Like the waves created by throwing a rock into a pool of water, radio waves are affected by the presence of obstructions and may be reflected, refracted, diffracted, or scattered, depending on the properties of the obstruction and its interaction with the radio waves. Reflected radio waves can be a source of interference on wireless networks. The interference created by bounced radio waves is called multipath interference.

When radio waves are reflected, additional wave fronts are created. These different wave fronts may arrive at the receiver at different times and be in phase or out of phase with the main signal. When the peak of a wave is added to another wave (in phase), the wave is amplified. When the peak of a wave meets a trough (out of phase), the wave is effectively cancelled. Multipath interference can be the source of hard-to-troubleshoot problems. In planning for a wireless network, administrators should consider the presence of common sources of multipath interference. These include metal doors, metal roofs, water, metal vertical blinds, and any other source that is highly reflective to radio waves. Antennas may help to compensate for the effects of multipath interference, but these have to be carefully chosen. In fact, many wireless access points have two antennas for precisely this purpose. But, a single omni-directional antenna may be of no use at all for this kind of interference.
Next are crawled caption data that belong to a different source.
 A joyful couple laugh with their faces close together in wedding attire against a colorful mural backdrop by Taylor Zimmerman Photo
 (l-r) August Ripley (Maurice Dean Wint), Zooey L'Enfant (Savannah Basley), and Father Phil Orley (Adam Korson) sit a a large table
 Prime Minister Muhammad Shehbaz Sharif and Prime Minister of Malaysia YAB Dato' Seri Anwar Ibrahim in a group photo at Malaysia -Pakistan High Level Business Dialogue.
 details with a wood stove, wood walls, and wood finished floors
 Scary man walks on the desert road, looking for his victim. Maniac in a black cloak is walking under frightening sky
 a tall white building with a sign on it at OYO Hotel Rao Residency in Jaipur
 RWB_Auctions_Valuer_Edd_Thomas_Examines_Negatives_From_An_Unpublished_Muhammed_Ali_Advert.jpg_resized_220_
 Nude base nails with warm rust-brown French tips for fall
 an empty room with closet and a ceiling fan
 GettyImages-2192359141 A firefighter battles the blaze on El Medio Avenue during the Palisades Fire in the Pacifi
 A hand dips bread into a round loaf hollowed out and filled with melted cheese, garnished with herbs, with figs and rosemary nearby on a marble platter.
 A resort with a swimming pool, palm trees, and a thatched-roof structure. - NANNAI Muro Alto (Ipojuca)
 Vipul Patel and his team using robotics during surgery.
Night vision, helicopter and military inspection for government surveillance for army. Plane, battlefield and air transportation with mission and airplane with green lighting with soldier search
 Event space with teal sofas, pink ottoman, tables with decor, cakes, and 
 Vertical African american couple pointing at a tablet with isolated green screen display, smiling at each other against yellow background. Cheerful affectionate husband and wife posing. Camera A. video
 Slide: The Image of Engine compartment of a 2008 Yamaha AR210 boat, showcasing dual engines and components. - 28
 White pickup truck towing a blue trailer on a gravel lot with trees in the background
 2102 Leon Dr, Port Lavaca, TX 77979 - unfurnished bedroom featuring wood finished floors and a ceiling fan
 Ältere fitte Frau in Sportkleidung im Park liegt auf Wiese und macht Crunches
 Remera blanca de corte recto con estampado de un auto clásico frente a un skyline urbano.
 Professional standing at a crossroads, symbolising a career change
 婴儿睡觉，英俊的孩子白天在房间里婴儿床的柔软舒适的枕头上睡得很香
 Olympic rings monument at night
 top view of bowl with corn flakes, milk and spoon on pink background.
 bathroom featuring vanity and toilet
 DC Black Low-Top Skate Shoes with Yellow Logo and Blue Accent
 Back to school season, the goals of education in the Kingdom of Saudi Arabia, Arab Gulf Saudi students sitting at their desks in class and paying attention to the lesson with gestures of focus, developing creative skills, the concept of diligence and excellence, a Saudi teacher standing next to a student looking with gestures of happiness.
Another source of signal loss is the presence of obstacles. While radio waves can travel through physical objects, they will be degraded according to the properties of the object they travel through. A window, for example, is fairly transparent to radio waves, but may reduce the effective range of a wireless network by 50-70%, depending on the presence and nature of coatings on the glass. A solid core wall can reduce the effective range of a wireless network by up to 90% or greater.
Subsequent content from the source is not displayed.